• [What you will do]: Would you reproduce each line below exactly, leaving every picture out?

• [Given data]:
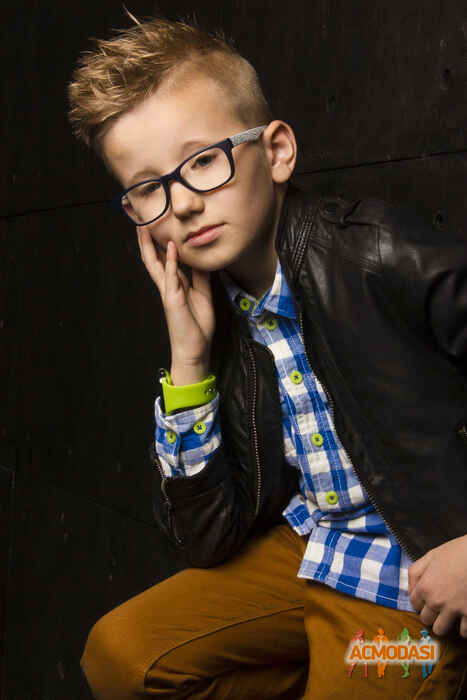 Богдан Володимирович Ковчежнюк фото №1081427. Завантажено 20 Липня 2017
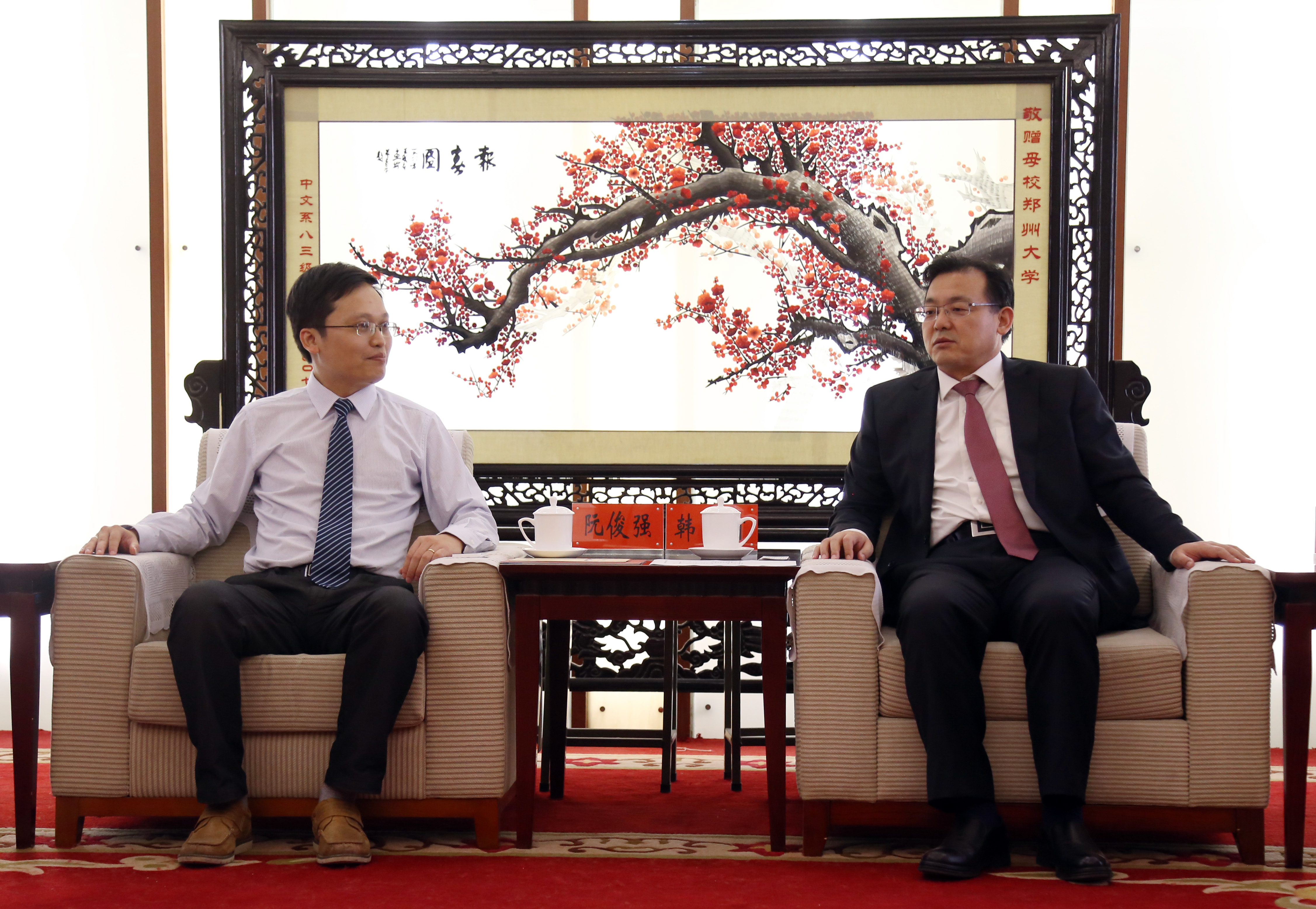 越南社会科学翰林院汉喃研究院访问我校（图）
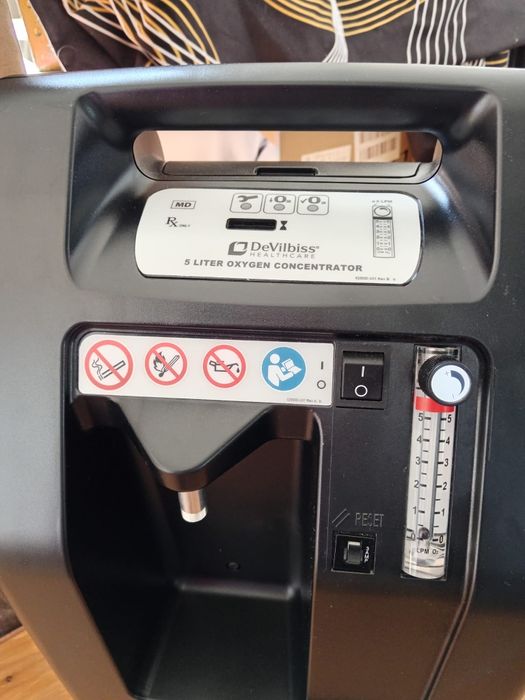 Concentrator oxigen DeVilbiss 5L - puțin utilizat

• [Task output]:
 Богдан Володимирович Ковчежнюк фото №1081427. Завантажено 20 Липня 2017
 越南社会科学翰林院汉喃研究院访问我校（图）
 Concentrator oxigen DeVilbiss 5L - puțin utilizat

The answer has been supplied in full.